Test Coverage Won't Save You
A year ago, if a codebase accumulated three different ways to do the same thing, somebody would usually notice.
A reviewer might leave a comment. A senior engineer would mutter something about "yet another helper," and eventually the team would clean it up. Maybe they'd write a short doc. People would learn, collectively, that this was not the way.
This was not a perfect system. Human review can be slow. People miss things. Pattern docs get stale. Engineers develop opinions that are 70% wisdom and 30% scar tissue.
Still, the friction did something useful. It kept codebases from drifting too quickly.
Coding agents change that.
"Now, this is a room with electricity. But it has too much electricity."
Once agents are writing a meaningful share of code, the question is no longer just "can we get working code faster?" Obviously, yes. We can. Sometimes hilariously so.
The more interesting question is: what does the codebase teach the next agent?
Because it does teach.
Every merged PR becomes a precedent. If the repository contains one clear pattern, the next agent has a decent shot at following it. If it contains three slightly different patterns, the next agent may extend one, combine two, or invent a fourth for reasons that are, in technical terms, vibes.
The funhouse builds itself
Coding agents, like some of us, have a chaotic inner goth teenager.
Their non-deterministic nature means they can be inconsistent, often in surprising ways. They can generate the weird little leap that solves the problem, or they can generate novelty where nobody asked for it.
The dangerous thing is that most of the code is fine, if you look at it in isolation.
A PR passes tests. The implementation makes sense. The file is clean enough.
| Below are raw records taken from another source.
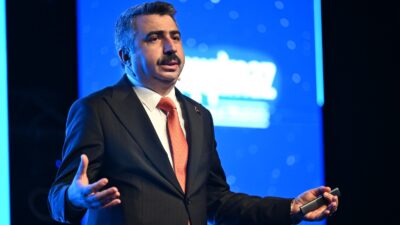 Yıldırım Belediye Başkanı Oktay Yılmaz, 6 yılda kentleşmeden yeşil alanlara,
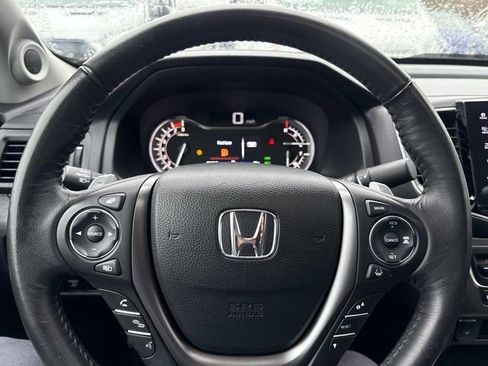 Used 2023 Honda Ridgeline RTL image 34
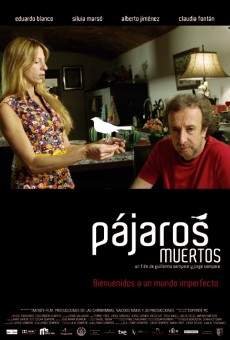 Pájaros muertos online streaming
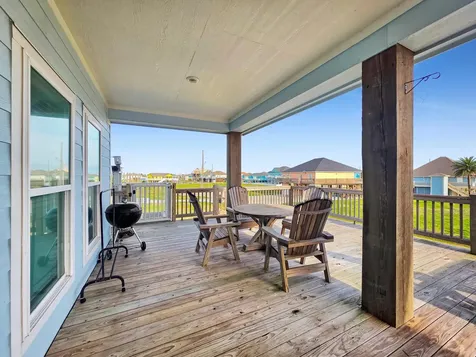 3001 Vista Del Mar Court Crystal Beach TX 77650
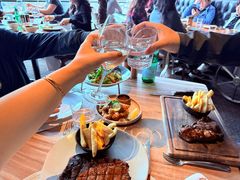 -The Meat & Wine Co Southbank(南岸店)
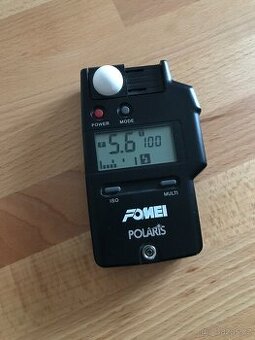 Flashmetr Fomei Polaris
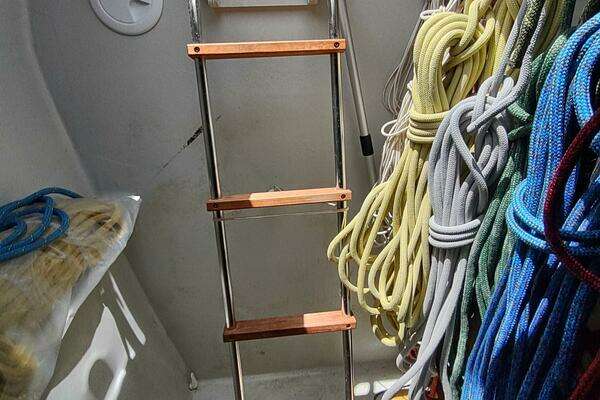 Outremer 51 Yacht For Sale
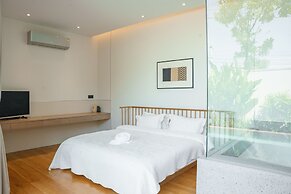 Tree O'clock Pool Villa - Phuket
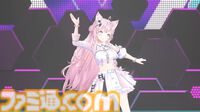 【ホロライブ 6th Fes】初ステージとなるAdventが超楽しそうに歌って踊る姿が尊すぎた。初となるセンターステージでのパフォーマンスは「おぉ！」と声が漏れるほど【ステージ1 リポート】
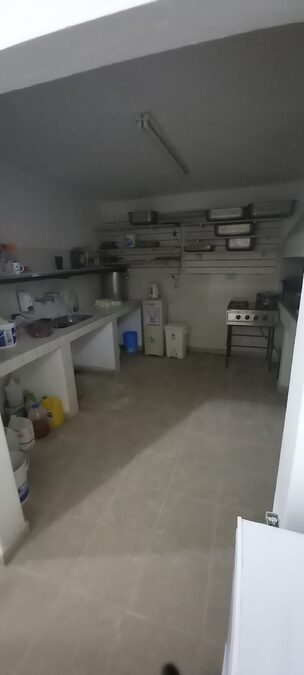 SALON / GALPON EN VENTA USOS VARIOS PARANA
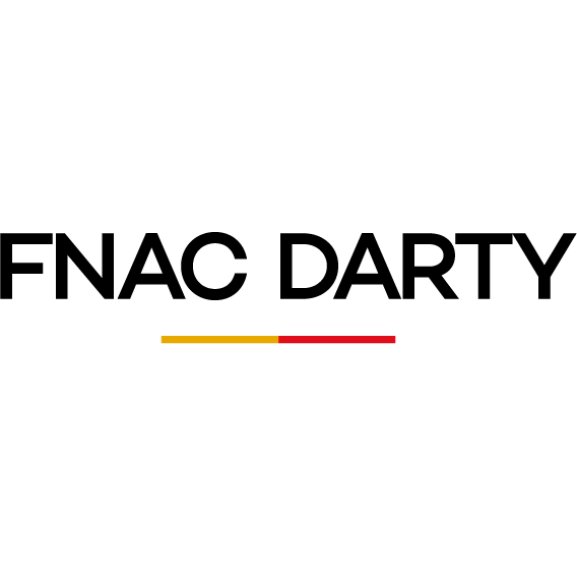 Logo of Fnac-Darty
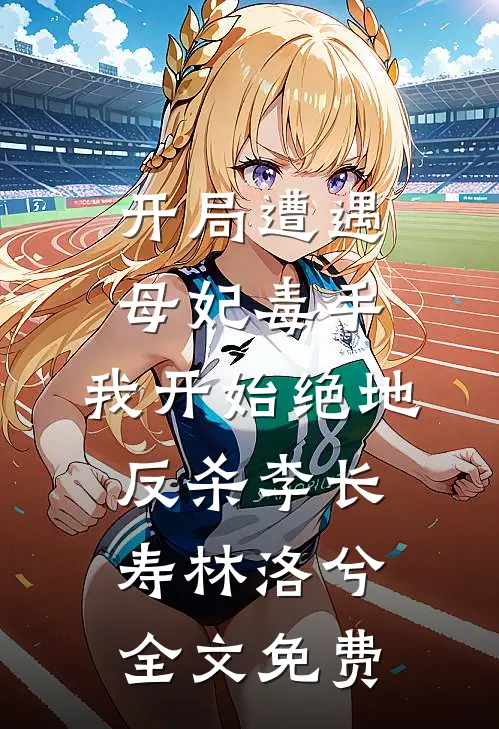 开局遭遇母妃毒手，我开始绝地反杀李长寿林洛兮全文免费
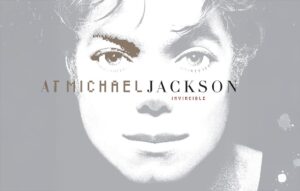 "Invincible" de Michael Jackson: o álbum boicotado que a geração Z finalmente desenterrou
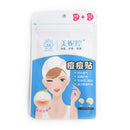 Universal Acne Absorbing Cover Heal Skin Blemish Spot Acne Stickers 30 Dots Z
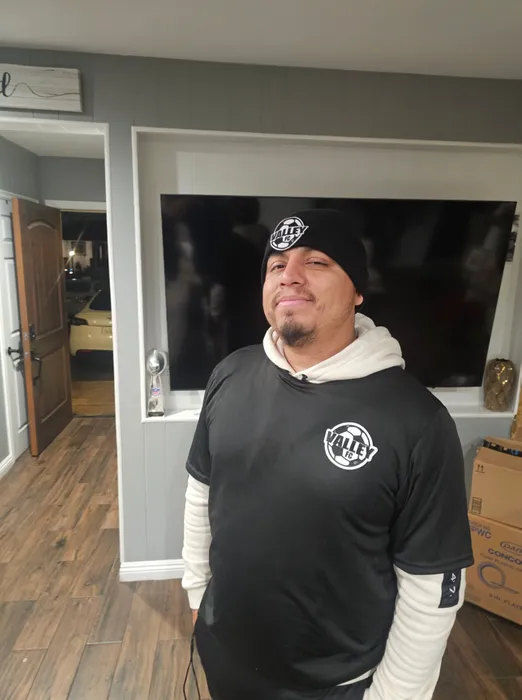 CustomCoastersNow.Com - Embroidered Patches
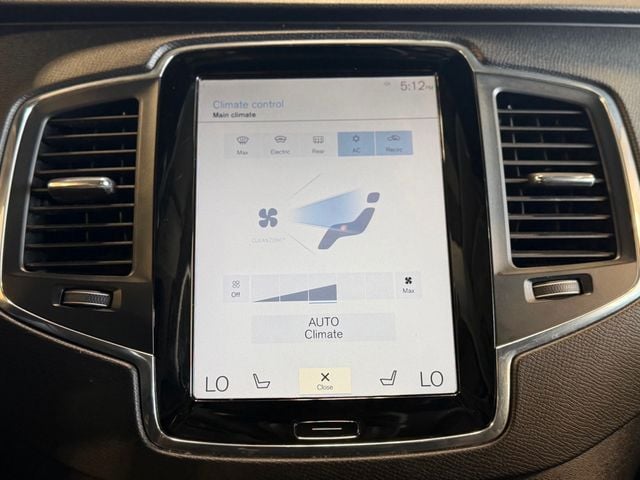 2016 Volvo XC90 AWD 4dr T5 Momentum - 23017533 - 30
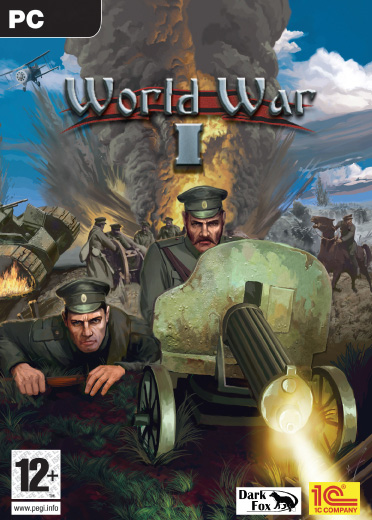 World War I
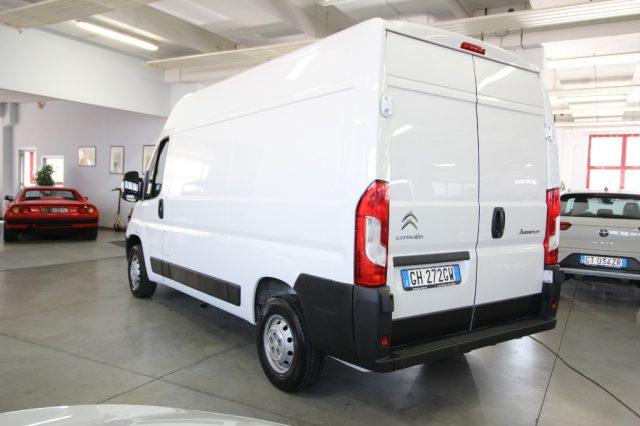 CITROEN Jumper 35 BlueHDi 140 S&S L2H2 Furgone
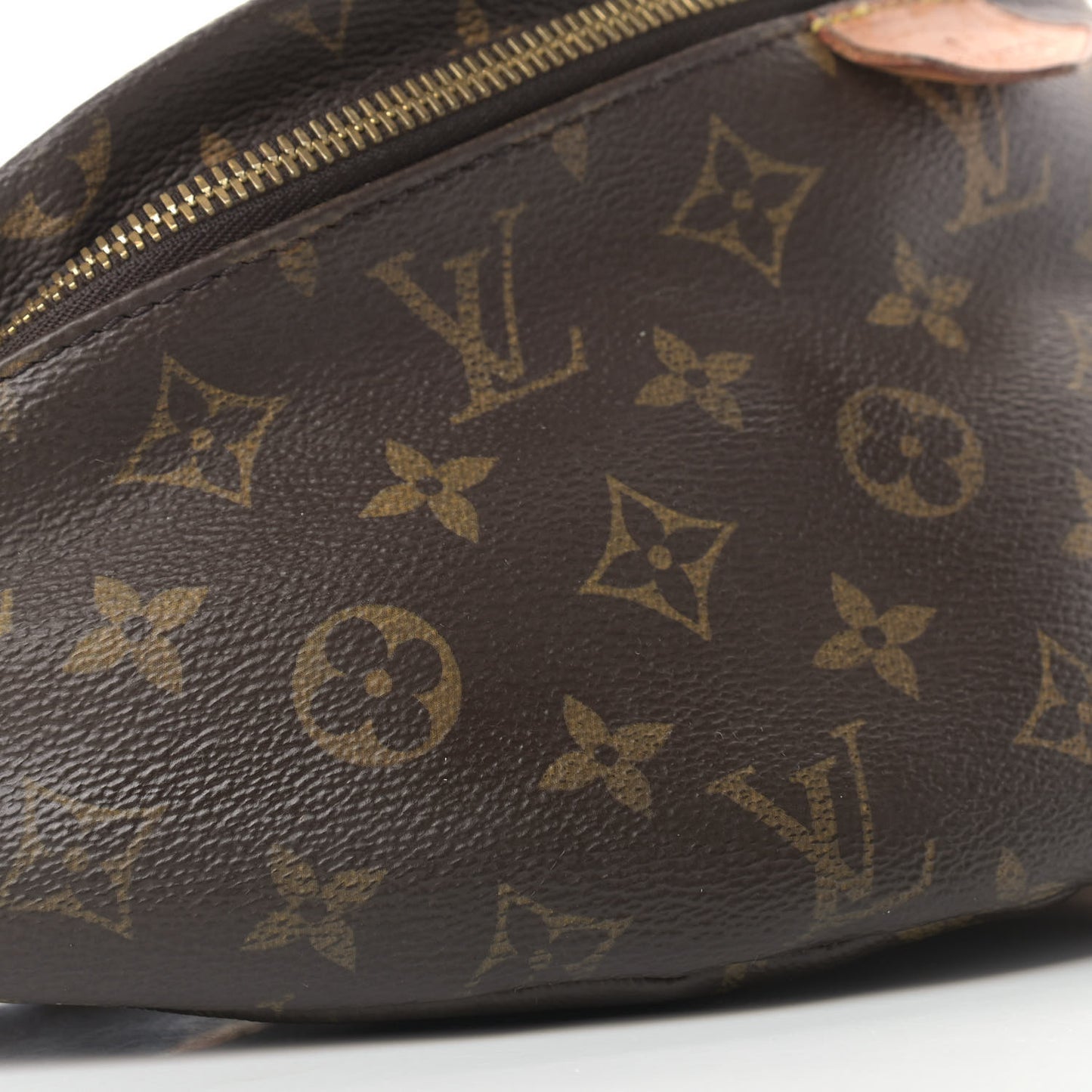 Monogram Bumbag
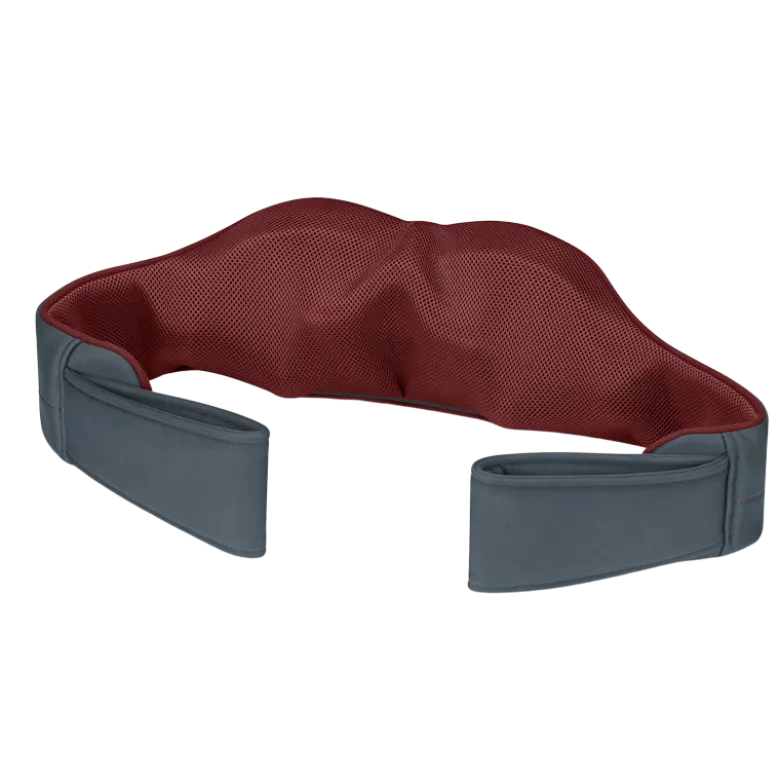 Beurer 3D Shiatsu Massagebælte Med Varmefunktion MG 151 (1 stk)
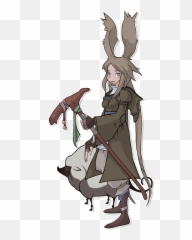 Vieran Biology And Culture Fanon Emoji,Elin Bunny Emotions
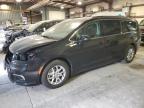 2022 Chrysler Pacifica Touring L იყიდება Eldridge-ში, IA - Front End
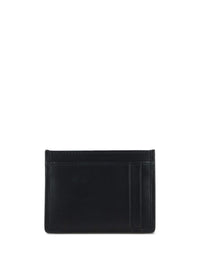 Miu Miu Women Portacarte In Nappa Matelassé
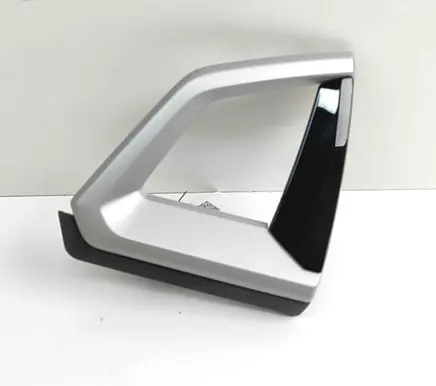Audi Q4 Sportback e-tron Dashboard glove box trim 89C853190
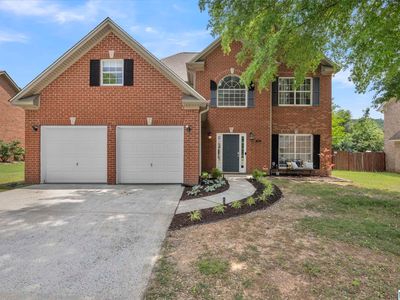 Property at 565 Forest Lakes Dr, Sterrett, AL
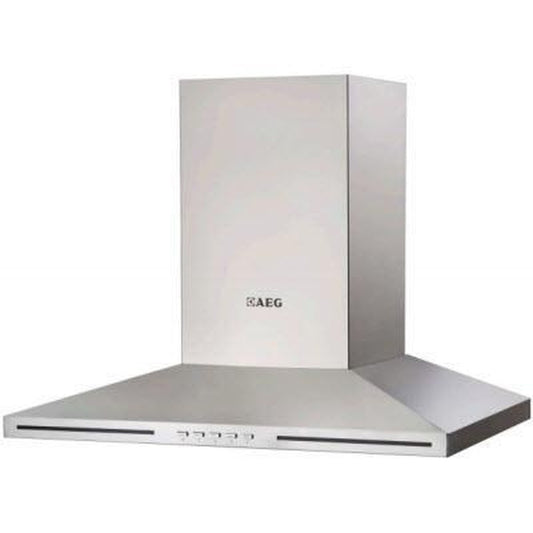 AEG 30 Inch Wall Mount Range Hood - PERFEKT PYRAMID 30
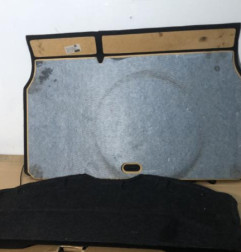 Banquette arriere (KIT DERIV VP) PEUGEOT 208 1 Photo n°7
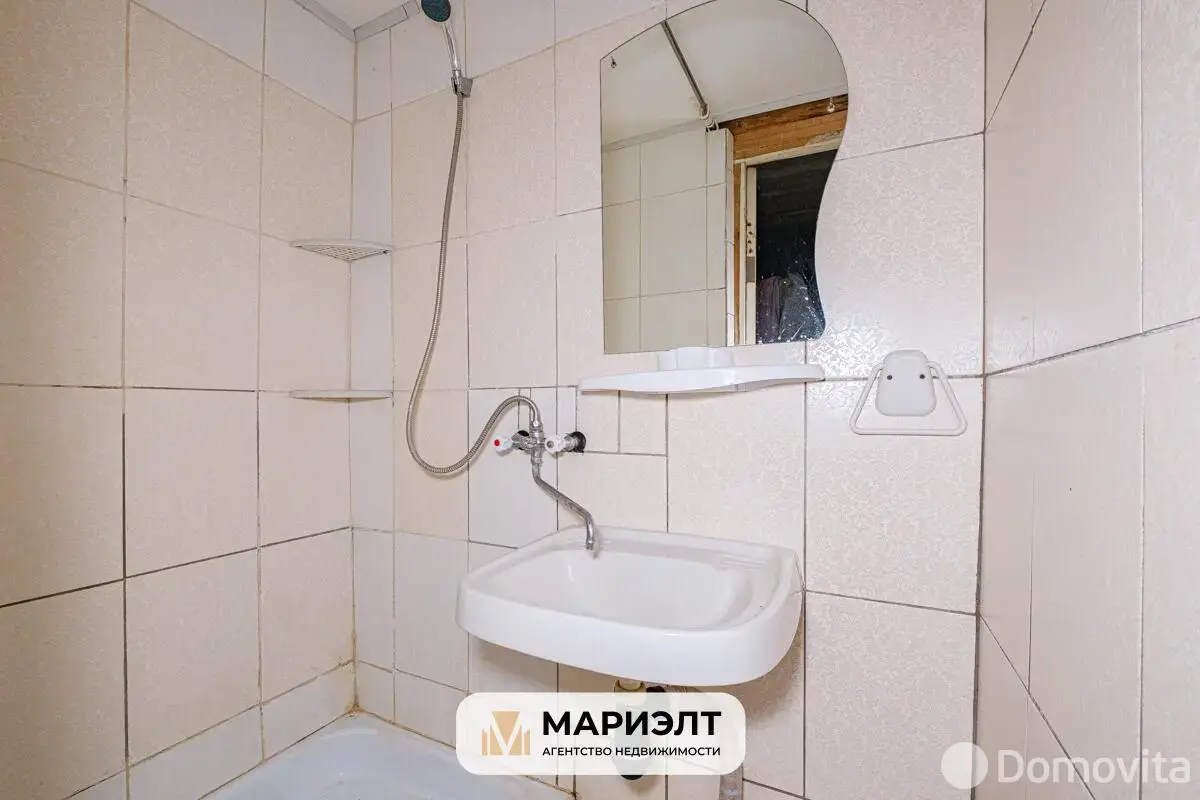 Продажа 3-этажной дачи в Залесье Минская область, 32000USD, код 185498 - фото 17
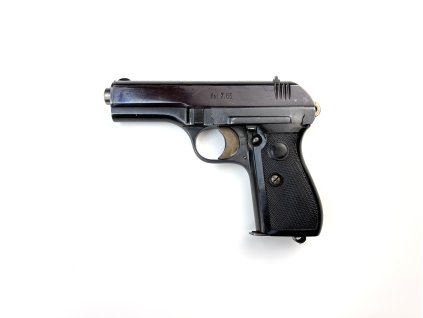 CZ 27 7,65Brow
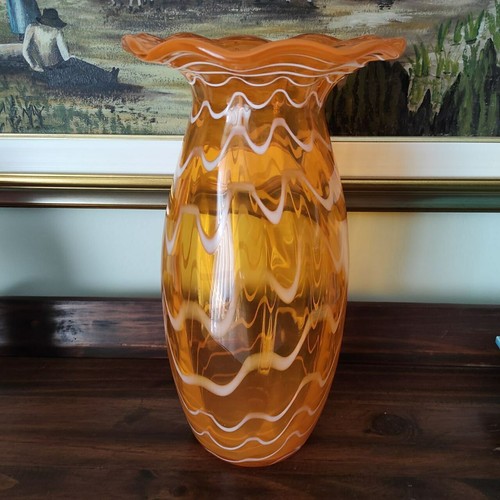 Vaso vetro murano - in, di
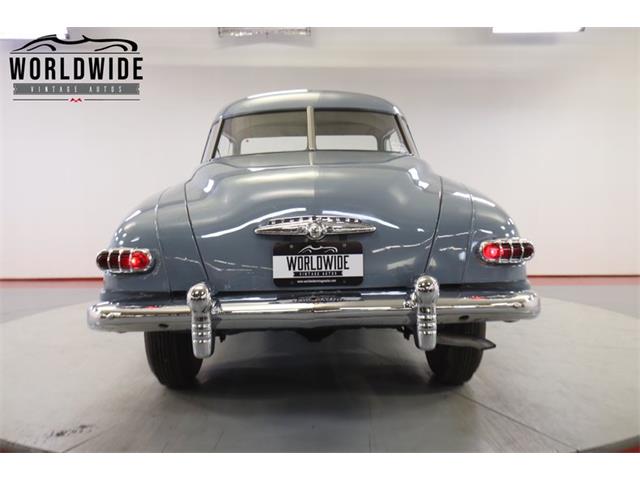 1947 Studebaker Commander (CC-2096064) for sale in Denver , Colorado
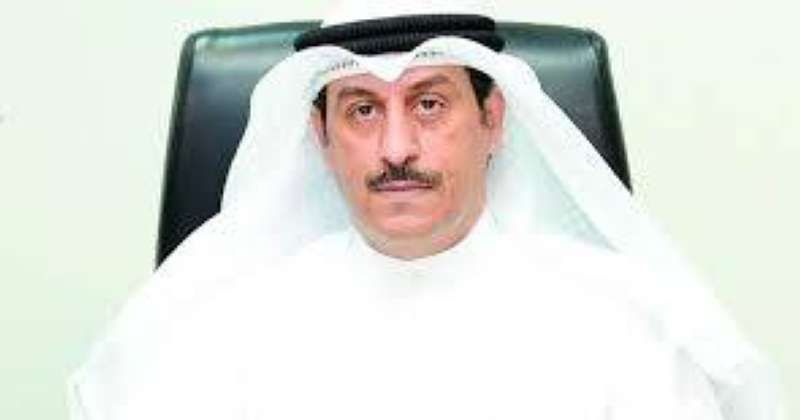 عبدالعزيز المطيري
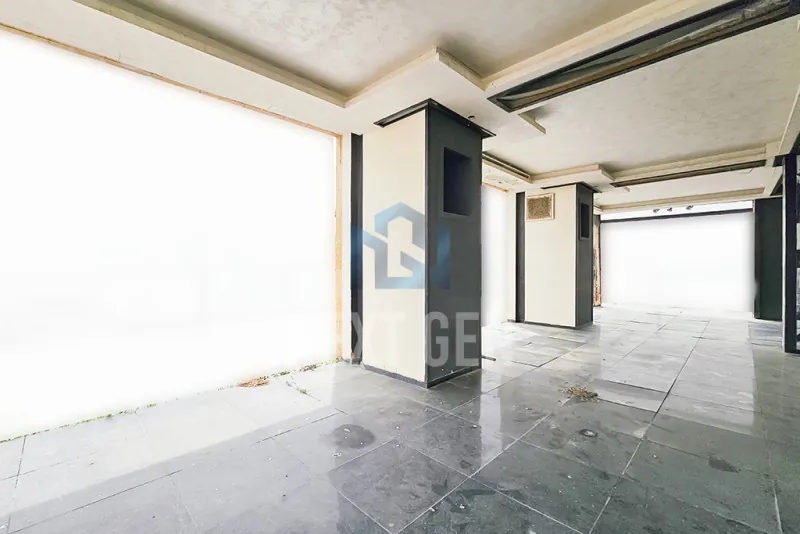 Rooftop for Rent in Downtown — photo 4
You look at the diff and think, yeah, sure, that seems okay.
But zoom out, and the codebase as a whole has started to get weird.
three near-duplicate utilities
multiple data-fetching patterns
parallel abstractions solving almost the same problem
The codebase remains locally cohesive , while slowly losing global coherence .
That matters more than it used to, because even more than humans, agents are responsive to the signals around them. A clear codebase gives them clear precedent. A muddled codebase gives them confusion.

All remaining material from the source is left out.